La storia della Route non è sempre stata romantica e piacevole. Almeno non per tutti. Le persone di colore purtroppo patirono molto la loro condizione anche qui. Per questo motivo Victor Hugo Green, un postino di New York, scrisse un sorta di guida di viaggio che forniva indicazioni sugli esercizi commerciali che accettavano o meno i clienti dalla pelle scura: il The Negro Motorist Green Book. Protagonista anche della famosa pellicola di Peter Farrelly del 2018, vincitore di tre premi Oscar.

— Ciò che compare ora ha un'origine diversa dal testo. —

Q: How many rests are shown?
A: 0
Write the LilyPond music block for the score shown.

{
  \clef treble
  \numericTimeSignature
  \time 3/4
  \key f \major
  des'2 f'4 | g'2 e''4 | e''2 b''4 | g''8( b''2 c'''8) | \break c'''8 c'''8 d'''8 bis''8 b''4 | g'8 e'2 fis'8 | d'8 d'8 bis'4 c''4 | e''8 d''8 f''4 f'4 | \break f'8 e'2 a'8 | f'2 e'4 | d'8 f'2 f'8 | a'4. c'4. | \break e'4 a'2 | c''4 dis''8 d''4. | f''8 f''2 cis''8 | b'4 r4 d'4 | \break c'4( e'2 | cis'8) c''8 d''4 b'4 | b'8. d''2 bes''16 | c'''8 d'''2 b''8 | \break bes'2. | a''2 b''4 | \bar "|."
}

Il Green Book venne pubblicato ininterrottamente dal 1936 fino a circa il 1964. Inizialmente il libro toccava solo l’area newyorchese, poi si estese nel resto del Paese. Victor dovette abbandonare infatti il suo lavoro da postino per dedicarsi in toto alla preziosa guida, venduta nelle stazioni di servizio Esso, che non facevano distinzioni tra bianchi e neri. L’idea era venuta da un libro molto simile, popolare negli anni ’30 presso le comunità ebraiche.
Il valore di questa guida non è da poco, infatti l’ostilità nei confronti degli afroamericani era talmente forte che spesso nelle insegne delle attività commerciali comparivano le famose 3 K che, se pur nascoste erano evidenti come fari nella notte: Kozy Kottage Kamp o il Klean Kountry Kottage, entrambi sulla Route 66.

Cars

Disney Pixar Cars

Nel 2006 uscì nelle sale cinematografiche la nuova pellicola Disney Pixar, Cars. Un tributo importante alla gente della Mother Road. Con questo film è come se fosse stata riaccesa la luce su un mondo che sembrava dimenticato ma reduce da un passato glorioso.

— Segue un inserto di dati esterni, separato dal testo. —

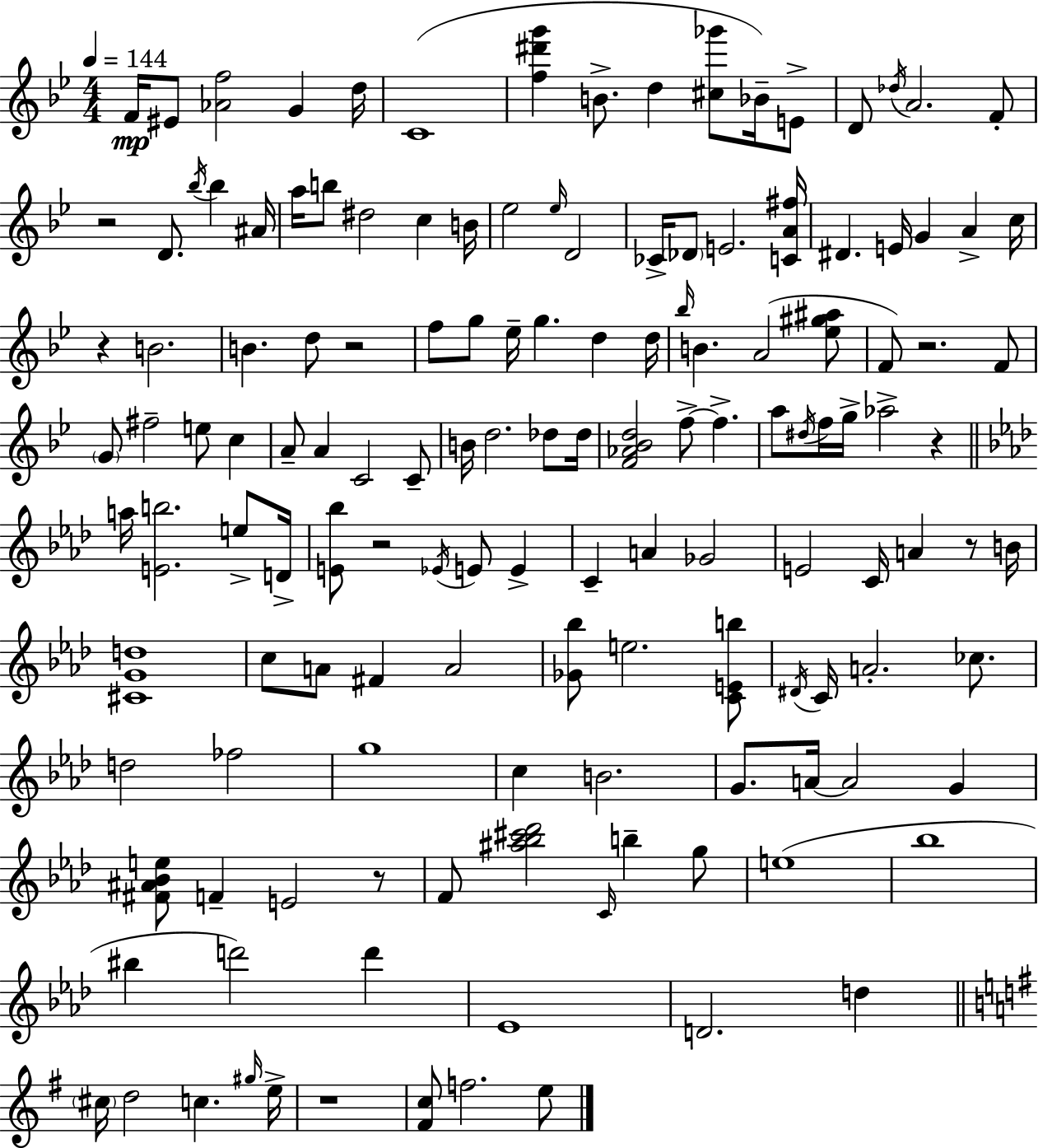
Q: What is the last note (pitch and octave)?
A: E5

Nel guardare il film, potrebbero essere riconosciuti tanti luoghi o persone come Dawn Welch, proprietaria del Rock Cafè, nella scintillante Porsche Sally o Robert Waldmire, nel van hippie. La storia di quest’ultimo merita di essere raccontata: Robert era figlio di colui che inventò il Cozy Dog, l’hot-dog su stecco, incredibile che poi, proprio lui, divenne un estenuante vegetariano.
Bob faceva l’artista e viaggiò in lungo e largo attraverso il Paese vivendo di quello che riusciva a bordo di un minivan Volkswagen del ’72.
Un altro dei suoi mezzi di trasporto, e anche casa, fu uno scuolabus attrezzato del necessario, compresi panelli solari che producevano energia e calore.
Alla fine Bob, vero abitante della Route 66, si fermò e dopo aver acquistato uno spazio si mise a vendere ninnoli nel suo gift shop.

In Cars il van hippie, uno dei personaggi più simpatici, è un chiaro tributo a lui. Il nome non fu Waldmire però perché Robert non concesse l’autorizzazione a causa degli accordi commerciali che la Pixar aveva preso con Mc Donald’s.

I motel: your home away from home

«We are all travelers. From “birth till death,” we travel between the eternities. May these days be pleasant for you, profitable for society, helpful for those you meet, and a joy to those you know and love best.
Sincerely yours, Lillian Redman».
Queste sono le ultime righe di una preghiera affissa in ogni stanza del Blue SwallowMotel, uno dei cimeli storici della Route 66. L’autrice di queste parole è Lillian Redman, la mother della Mother Road.

The Blue Swallow Motel

Lillian, infatti, ottenne il Blue Swallow Motel di Tucumcari, New Mexico, come regalo di nozze alla fine degli anni ’50, che gestì da sola per più di 40 anni. Ma non possono passare inosservate anche le tapee (tende dei nativi americani) del Wigwam motel. Ma sapete come sono nati i motel? Ebbene queste strutture disseminate sulle migliaia di km della Route corrispondono all’evoluzione delle esigenze dei nomadi viaggiatori su due, quattro o più ruote. Insegne luminose, luce soffusa e un arredamento un po’ polveroso, rappresentano al meglio ciò di cui stiamo parlando: stanze economiche con parcheggio adiacente dove i viaggiatori potevano trovare ristoro. Da piccole postazioni dove ci si poteva accampare, queste strutture crebbero e vennero fornite sempre di più fino ad arrivare al concetto moderno di Motel, termine nato dall’unione tra Motor e Hotel.

Insomma come concludere? Mi sembra che un’altra frase di un giovane Kerouac scrittore, sia la più adatta per riassumere quello che vi ho raccontato: «La strada è vita».